It was reported that Chayko managed to escape unharmed with the protection of his bodyguard. While Chayko was uninjured, his daughter Maria was hit by shrapnel and suffered a traumatic brain injury while her husband, Daniil Peredriy, died in hospital and was secretly buried in the Troyekurovskoye Cemetery on 6 August.

Major General Valery Plokhotnyuk died on 1 August, having arrived to the restaurant in a vehicle with flashing emergency lights at the time of the bombing. Other members of Chayko's family and attendees were injured or killed.

It had been claimed that Lieutenant General Igor Yerusalimov died from injuries, with his funeral being held on 4 August; Plokhotnyuk and Yerusalimov were reported to have been secretly buried in the Troyekurovskoye Cemetery on 5 August. However, when a correspondent at Verstka attempted to contact Yerusalimov, he personally answered and expressed confusion over the reports, demanding, "don't write anything about me". Official records and registries also do not indicate that Yerusalimov had died, and his daughter did not mention his death.

== Reactions ==
Early reports erroneously reported that there was an accidental gas explosion caused by a leaking gas canister originating from the restaurant's kitchen. This was soon disproven by Carmine Alfieri, who clarified on Instagram that the kitchen remained untouched by the explosion, and that there was a "minor issue" at the restaurant's entrance.
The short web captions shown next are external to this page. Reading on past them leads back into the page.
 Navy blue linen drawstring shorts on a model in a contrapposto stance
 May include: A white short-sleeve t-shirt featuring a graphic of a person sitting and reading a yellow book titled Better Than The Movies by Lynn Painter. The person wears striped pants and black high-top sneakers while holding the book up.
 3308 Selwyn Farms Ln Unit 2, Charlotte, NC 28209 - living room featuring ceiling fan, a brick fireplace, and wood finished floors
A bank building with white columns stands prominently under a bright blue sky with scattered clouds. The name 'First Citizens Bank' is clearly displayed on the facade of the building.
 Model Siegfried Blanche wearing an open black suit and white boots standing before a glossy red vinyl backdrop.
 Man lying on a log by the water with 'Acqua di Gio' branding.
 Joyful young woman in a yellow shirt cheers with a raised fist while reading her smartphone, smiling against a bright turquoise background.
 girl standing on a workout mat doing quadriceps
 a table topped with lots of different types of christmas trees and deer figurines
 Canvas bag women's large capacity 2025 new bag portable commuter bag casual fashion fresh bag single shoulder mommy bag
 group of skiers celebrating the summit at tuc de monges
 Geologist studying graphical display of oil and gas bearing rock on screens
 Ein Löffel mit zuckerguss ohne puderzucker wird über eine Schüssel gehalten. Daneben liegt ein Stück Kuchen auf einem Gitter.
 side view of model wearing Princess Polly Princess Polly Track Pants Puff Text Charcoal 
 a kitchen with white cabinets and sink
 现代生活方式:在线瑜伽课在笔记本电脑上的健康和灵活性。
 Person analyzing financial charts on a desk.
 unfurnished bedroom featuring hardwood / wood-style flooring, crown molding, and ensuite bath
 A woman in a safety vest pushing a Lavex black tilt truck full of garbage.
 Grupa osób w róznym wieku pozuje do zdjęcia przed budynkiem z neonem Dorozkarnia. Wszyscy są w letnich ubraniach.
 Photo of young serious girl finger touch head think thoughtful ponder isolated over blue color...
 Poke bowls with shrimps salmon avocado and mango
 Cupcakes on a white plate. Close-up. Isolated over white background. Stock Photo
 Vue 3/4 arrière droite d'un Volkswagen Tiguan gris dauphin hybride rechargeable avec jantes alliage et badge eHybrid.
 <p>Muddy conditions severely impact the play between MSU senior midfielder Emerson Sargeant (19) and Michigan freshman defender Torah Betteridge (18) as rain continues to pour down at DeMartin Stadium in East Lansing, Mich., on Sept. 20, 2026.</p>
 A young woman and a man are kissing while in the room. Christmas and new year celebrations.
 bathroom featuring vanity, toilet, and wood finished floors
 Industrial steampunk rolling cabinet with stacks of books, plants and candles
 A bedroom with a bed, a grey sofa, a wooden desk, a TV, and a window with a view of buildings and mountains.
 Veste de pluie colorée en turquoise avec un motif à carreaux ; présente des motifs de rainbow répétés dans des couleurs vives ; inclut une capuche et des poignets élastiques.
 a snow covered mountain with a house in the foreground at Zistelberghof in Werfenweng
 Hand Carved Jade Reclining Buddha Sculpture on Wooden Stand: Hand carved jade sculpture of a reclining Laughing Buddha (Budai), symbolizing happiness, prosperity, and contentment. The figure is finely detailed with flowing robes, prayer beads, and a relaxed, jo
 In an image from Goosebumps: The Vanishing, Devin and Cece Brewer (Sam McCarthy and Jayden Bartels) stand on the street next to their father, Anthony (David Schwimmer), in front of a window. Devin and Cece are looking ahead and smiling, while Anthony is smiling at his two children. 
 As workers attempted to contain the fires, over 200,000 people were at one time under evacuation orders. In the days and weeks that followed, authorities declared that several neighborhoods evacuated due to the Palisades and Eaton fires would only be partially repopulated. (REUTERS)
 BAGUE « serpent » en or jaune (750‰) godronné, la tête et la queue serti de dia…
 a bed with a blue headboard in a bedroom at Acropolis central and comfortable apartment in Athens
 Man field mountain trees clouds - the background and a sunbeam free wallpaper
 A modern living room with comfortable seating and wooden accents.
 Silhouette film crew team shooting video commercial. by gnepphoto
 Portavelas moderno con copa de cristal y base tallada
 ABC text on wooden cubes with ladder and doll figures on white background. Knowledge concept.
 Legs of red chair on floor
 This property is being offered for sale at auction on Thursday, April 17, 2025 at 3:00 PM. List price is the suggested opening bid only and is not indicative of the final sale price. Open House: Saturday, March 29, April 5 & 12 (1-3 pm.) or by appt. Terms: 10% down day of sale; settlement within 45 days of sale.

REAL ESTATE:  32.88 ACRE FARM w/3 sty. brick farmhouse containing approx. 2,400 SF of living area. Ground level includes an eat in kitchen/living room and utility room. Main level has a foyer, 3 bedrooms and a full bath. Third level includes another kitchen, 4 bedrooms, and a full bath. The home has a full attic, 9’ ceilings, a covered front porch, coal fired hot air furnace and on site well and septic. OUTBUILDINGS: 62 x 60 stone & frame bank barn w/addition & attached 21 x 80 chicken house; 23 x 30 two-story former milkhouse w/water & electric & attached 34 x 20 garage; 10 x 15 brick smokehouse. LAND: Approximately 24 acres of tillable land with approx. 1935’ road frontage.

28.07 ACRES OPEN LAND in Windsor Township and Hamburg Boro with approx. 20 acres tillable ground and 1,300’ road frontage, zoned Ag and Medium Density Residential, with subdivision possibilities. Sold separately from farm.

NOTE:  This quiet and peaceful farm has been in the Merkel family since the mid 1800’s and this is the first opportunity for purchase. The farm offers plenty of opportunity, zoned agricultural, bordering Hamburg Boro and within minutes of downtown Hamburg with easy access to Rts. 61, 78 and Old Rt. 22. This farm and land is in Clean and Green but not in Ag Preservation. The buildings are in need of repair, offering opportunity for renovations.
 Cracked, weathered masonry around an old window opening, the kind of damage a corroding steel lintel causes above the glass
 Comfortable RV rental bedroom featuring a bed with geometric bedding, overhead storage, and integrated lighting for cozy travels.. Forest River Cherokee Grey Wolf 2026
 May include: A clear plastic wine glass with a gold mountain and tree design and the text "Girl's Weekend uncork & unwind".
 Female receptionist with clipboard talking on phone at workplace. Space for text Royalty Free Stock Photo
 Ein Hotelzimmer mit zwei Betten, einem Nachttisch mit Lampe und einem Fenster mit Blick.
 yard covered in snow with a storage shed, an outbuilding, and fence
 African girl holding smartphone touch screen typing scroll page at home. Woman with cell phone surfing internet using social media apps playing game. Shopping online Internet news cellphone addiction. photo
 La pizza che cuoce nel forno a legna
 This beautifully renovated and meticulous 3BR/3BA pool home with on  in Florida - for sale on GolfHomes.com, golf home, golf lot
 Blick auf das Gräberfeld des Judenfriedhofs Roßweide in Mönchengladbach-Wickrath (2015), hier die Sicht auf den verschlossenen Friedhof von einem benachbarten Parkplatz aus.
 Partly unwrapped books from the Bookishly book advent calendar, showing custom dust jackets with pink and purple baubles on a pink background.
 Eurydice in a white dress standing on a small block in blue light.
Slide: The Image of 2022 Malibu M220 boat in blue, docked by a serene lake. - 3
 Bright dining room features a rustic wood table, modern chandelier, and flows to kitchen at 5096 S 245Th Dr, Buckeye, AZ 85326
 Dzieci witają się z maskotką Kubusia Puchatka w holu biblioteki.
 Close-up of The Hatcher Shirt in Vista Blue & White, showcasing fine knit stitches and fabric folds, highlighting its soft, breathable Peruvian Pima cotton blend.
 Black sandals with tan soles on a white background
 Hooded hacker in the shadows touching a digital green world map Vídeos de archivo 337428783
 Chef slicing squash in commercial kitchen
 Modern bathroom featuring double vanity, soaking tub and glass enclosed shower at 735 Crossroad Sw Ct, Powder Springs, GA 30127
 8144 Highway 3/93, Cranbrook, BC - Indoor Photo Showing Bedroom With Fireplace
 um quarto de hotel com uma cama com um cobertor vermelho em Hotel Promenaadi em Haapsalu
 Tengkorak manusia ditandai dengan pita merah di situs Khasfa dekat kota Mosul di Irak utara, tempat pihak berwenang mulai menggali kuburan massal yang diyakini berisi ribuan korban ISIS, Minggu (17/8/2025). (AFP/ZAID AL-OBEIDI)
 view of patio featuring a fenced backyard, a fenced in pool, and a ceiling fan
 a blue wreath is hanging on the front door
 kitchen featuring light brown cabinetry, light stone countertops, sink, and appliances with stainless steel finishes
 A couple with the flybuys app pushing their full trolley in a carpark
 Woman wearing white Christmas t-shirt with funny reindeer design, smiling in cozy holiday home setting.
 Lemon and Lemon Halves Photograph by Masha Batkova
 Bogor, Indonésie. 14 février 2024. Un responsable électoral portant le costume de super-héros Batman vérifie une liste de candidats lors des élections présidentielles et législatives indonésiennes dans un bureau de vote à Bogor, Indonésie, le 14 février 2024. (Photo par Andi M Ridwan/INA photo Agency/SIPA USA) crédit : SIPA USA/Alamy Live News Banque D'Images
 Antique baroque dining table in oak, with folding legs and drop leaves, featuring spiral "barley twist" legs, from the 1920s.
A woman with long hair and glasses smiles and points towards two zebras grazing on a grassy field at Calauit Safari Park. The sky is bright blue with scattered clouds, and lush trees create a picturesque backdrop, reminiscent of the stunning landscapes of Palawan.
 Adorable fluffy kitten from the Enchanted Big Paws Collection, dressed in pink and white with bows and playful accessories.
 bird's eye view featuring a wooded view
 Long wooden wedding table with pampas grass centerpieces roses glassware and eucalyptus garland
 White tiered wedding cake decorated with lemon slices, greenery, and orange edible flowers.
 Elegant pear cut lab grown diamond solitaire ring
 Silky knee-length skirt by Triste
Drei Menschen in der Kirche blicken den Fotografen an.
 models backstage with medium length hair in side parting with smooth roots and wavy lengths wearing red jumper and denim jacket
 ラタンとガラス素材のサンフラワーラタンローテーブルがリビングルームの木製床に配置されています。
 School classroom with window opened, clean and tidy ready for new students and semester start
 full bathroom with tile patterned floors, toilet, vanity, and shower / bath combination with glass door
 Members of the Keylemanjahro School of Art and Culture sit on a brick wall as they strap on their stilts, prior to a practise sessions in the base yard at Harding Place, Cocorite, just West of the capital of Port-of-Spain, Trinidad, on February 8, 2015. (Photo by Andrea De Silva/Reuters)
The Kudrinskaya Building also does not have a gas supply, rendering a gas explosion impossible.

The Moscow Department of Transportation temporarily suspended transportation on the Garden Ring and Moscow Metro to and from the affected area for the remainder of the day. The city's Night Bike Festival was also postponed indefinitely to another date.

On 2 August, Moscow mayor Sergey Sobyanin released a statement on social media, describing the bombing as a "brutal terrorist act", sending condolences to those affected and assuring that those responsible will be punished.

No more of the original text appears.